Division of Allergy and Immunology, Department of Internal Medicine, Henry Ford Hospital, Detroit, Michigan.
Department of Public Health Sciences, Henry Ford Hospital, Detroit, Michigan.
Ann Allergy Asthma Immunol. 2014 Jul;113(1):25-30. doi: 10.1016/j.anai.2014.04.013. Epub 2014 May 5.
Recent research has emphasized the need to better discriminate asthma phenotypes and consider underlying mechanistic endotypes in epidemiologic and clinical studies. Although allergic asthma and nonallergic asthma are frequently combined into 1 disease category in observational research and clinical trials, few studies have investigated the extent to which these 2 separate phenotypes are associated with distinct cytokine immunologic profiles in a representative young adult population.
To investigate the cytokine production-based endotypes underlying the clinical phenotypes of allergic and nonallergic asthma in a population-based birth cohort evaluated as young adults.
Participants included 18- to 21-year-old members (n = 540) of a suburban Detroit birth cohort study, the Childhood Allergy Study. Phorbol myristate acetate-stimulated whole blood interleukin (IL)-4, IL-5, IL-10, IL-12, IL-13, IL-17A, IL-17F, IL-22, and interferon-γ secretory responses were analyzed for associations comparing participants with allergic vs nonallergic asthma phenotypes with those without asthma.
T-helper cell type (TH) 2-polarized responses, measured as higher mean IL-5 and IL-13 secretions and lower ratios of interferon-γ and IL-12 to 3 TH2 cytokines (IL-4, IL-5, or IL-13), were observed only in participants with allergic asthma. Nonallergic asthma was associated with TH1-polarized responses, including higher adjusted interferon-γ secretion compared with participants with allergic asthma and, surprisingly, those without asthma (odds ratio 2.5, confidence interval 1.2-5.1, P < .01).
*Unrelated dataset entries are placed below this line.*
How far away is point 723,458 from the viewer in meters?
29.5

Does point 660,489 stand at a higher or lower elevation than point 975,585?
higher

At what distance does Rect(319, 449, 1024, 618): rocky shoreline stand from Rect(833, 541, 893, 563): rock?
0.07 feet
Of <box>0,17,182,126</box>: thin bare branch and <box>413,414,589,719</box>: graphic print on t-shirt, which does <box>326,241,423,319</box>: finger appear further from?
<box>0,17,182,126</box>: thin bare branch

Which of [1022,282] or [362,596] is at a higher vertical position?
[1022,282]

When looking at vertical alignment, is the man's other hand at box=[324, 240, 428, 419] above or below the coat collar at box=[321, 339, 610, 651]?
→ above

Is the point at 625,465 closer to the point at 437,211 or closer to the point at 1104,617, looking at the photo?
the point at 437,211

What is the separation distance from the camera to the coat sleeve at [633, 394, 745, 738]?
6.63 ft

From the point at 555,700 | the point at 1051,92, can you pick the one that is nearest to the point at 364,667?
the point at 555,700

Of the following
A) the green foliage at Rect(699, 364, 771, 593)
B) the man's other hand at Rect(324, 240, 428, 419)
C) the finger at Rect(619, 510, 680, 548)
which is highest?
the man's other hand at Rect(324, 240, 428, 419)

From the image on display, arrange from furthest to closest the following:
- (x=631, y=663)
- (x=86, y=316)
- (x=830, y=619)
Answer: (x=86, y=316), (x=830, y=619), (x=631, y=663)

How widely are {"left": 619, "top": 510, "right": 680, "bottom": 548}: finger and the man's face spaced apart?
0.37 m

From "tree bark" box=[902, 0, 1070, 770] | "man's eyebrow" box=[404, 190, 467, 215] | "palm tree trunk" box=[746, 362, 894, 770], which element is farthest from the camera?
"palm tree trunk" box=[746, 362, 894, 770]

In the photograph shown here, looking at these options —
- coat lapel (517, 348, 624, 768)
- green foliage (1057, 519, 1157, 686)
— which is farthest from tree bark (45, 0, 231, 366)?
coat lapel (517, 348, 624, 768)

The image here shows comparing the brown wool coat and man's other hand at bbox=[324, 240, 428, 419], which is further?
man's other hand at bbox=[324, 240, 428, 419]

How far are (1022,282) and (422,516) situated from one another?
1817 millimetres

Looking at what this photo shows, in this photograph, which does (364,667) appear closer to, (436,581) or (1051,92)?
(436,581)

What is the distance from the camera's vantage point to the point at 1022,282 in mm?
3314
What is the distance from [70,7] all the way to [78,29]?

As expected, young adults with a history of an allergic asthma phenotype exhibited a TH2-polarized cytokine response after polyclonal stimulation. However, TH1 polarization was observed in patients with a history of nonallergic asthma. Allergic and nonallergic asthma are associated with etiologically distinct immune endotypes, underscoring the importance of discriminating these endotypes in research analyses and clinical management.
最近的研究强调,需要更好地区分哮喘表型,并在流行病学和临床研究中考虑潜在的机制内型。尽管在观察性研究和临床试验中,过敏性哮喘和非过敏性哮喘通常合并为 1 种疾病类别,但很少有研究调查这两种独立表型在代表性年轻成年人中与不同细胞因子免疫谱相关的程度。
在一个基于人群的出生队列中,作为年轻人评估,调查过敏性和非过敏性哮喘临床表型背后的细胞因子产生内型。
参与者包括底特律郊区出生队列研究(儿童过敏研究)中 18 至 21 岁的成员(n=540)。分析佛波醇肉豆蔻酸酯刺激的全血白细胞介素(IL)-4、IL-5、IL-10、IL-12、IL-13、IL-17A、IL-17F、IL-22 和干扰素-γ分泌反应,以比较具有过敏性与非过敏性哮喘表型的参与者与无哮喘的参与者之间的关联。
仅在具有过敏性哮喘的参与者中观察到 TH2 极化反应,表现为更高的平均 IL-5 和 IL-13 分泌,以及干扰素-γ和 IL-12 与 3 种 TH2 细胞因子(IL-4、IL-5 或 IL-13)的比值较低。非过敏性哮喘与 TH1 极化反应相关,包括与具有过敏性哮喘的参与者相比,以及与无哮喘的参与者相比,调整后的干扰素-γ分泌更高(比值比 2.5,95%置信区间 1.2-5.1,P<.01)。
正如预期的那样,具有过敏性哮喘表型病史的年轻成年人在多克隆刺激后表现出 TH2 极化细胞因子反应。然而,在具有非过敏性哮喘病史的患者中观察到 TH1 极化。过敏性和非过敏性哮喘与病因不同的免疫内型相关,这强调了在研究分析和临床管理中区分这些内型的重要性。